Dumping your USB
By mpi on Thursday 29 March 2018, - USB - Permalink
One of the many new features of OpenBSD 6.3 is the possibility to dump USB traffic to userland via bpf(4). This can be done with tcpdump(8) by specifying a USB bus as interface:
# tcpdump -Xx -i usb0 tcpdump: listening on usb0, link-type USBPCAP 12:28:03.317945 bus 0 < addr 1: ep1 intr 2 0000: 0400 .. 12:28:03.318018 bus 0 > addr 1: ep0 ctrl 8 0000: 00a3 0000 0002 0004 00 ......... [...]
As you might have noted I decided to implement the existing USBPcap capture format. A capture format is required because USB packets do not include all the necessary information to properly interpret them. I first thought I would implement libpcap's DLT_USB but then I quickly realize that this was not a standard. It is instead a FreeBSD specific format which has been since then renamed DLT_USB_FREEBSD.
But I didn't want to embrace xkcd #927, so I look at the existing formats: DLT_USB_FREEBSD, DLT_USB_LINUX, DLT_USB_LINUX_MMAPPED, DLT_USB_DARWIN and DLT_USBPCAP. I was first a bit sad to see that nobody could agree on a common format then I moved on and picked the simplest one: USBPcap.
Implementing an already existing format gives us out-of-box support for all the tools supporting it. That's why having common formats let us share our energy. In the case of USBPcap it is already supported by Wireshark, so you can already inspect your packet graphically. For that you need to first capture raw packets:
# tcpdump -s 3303 -w usb.pcap -i usb0 tcpdump: listening on usb0, link-type USBPCAP ^C 208 packets received by filter 0 packets dropped by kernel
USB packets can be quite big, that's why I'm not using tcpdump(8)'s default packet size. In this case, I want to make sure I can dump the complete uaudio(4) frames.

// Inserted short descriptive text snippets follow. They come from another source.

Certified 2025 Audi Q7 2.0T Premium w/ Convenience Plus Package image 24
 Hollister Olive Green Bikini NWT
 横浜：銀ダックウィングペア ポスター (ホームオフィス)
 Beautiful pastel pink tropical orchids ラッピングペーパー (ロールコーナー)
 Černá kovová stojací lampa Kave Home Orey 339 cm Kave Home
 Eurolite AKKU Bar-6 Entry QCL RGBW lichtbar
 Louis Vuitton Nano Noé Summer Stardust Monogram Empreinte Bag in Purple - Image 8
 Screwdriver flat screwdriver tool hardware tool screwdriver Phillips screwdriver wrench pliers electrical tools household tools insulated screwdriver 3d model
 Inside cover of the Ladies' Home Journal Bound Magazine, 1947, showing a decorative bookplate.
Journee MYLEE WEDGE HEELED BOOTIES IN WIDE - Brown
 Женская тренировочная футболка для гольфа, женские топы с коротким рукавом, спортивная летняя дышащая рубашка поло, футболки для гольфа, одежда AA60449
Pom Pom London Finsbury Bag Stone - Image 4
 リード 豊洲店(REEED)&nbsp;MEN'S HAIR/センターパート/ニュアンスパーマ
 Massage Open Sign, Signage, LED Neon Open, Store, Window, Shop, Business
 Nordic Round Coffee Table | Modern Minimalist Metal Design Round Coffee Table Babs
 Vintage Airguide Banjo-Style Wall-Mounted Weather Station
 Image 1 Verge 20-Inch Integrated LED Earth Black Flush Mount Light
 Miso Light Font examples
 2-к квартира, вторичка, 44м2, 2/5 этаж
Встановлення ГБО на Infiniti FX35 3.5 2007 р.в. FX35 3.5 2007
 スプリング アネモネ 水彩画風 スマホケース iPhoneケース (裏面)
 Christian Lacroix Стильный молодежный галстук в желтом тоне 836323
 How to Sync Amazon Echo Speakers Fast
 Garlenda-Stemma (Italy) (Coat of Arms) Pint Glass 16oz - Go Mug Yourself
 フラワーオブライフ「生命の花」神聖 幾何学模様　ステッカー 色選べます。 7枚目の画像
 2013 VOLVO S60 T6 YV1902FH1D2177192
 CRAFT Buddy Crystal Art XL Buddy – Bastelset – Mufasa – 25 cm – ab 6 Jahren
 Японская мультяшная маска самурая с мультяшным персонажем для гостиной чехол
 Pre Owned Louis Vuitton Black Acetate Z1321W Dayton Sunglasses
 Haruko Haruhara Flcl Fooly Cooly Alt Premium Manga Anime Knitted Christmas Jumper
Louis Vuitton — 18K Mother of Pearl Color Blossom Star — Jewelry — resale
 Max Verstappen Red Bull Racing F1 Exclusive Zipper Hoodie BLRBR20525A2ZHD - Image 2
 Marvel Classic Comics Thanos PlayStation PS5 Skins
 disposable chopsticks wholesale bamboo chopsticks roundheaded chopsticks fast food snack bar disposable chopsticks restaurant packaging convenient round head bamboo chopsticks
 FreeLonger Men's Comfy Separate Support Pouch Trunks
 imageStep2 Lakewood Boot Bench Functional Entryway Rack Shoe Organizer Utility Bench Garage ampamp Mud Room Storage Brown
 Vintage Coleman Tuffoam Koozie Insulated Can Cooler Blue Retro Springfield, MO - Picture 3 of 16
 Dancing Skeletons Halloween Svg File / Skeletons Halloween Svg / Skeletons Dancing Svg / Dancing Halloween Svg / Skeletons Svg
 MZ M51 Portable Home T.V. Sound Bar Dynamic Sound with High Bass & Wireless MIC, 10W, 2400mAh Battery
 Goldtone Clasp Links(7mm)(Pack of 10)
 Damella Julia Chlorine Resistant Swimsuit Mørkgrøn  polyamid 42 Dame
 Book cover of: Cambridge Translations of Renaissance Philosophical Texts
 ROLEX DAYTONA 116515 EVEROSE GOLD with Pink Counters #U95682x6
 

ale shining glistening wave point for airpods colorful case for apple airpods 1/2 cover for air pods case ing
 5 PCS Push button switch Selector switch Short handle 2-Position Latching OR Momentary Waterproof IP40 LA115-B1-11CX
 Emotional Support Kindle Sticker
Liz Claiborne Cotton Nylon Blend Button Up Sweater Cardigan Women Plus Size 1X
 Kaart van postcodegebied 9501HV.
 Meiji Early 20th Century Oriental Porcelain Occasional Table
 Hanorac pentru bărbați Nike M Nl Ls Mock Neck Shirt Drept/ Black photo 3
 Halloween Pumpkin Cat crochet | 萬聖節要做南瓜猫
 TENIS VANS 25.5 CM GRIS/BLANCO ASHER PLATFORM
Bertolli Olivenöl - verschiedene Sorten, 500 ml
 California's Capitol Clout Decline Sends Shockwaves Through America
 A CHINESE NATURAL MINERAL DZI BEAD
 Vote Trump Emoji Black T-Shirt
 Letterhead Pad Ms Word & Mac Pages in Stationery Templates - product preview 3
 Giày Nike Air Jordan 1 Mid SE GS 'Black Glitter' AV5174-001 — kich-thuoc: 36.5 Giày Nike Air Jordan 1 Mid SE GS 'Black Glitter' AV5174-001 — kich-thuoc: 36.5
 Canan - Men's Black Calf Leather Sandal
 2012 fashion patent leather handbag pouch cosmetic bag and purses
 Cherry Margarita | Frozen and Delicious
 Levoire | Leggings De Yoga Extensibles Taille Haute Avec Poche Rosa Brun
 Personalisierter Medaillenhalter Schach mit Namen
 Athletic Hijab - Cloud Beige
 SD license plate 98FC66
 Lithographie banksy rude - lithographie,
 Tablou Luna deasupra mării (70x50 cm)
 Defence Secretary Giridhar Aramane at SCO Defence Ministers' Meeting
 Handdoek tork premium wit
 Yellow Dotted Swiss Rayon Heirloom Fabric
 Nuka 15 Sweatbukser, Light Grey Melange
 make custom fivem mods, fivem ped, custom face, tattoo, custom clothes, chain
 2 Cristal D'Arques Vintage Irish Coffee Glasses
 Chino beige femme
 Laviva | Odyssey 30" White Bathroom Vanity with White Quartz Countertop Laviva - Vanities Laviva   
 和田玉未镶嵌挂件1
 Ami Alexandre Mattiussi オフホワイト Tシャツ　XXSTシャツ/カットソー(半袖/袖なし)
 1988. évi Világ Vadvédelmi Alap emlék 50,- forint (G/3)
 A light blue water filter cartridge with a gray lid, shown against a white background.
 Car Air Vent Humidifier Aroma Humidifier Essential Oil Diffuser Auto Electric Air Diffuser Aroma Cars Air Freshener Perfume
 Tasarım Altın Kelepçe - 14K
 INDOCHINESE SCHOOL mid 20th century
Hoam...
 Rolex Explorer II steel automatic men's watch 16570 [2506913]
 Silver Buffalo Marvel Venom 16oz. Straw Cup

Once the capture completed, time to look at it:

It is important to say that what is dumped to userland is what the USB stack sees. Packets sent on the wire might differ, especially when it comes to retries and timing. So this feature is not here to replace any USB analyser, however I hope that it will help people understand how things work and what the USB stack is doing. Even I found some interesting timing issues while implementing isochronous support.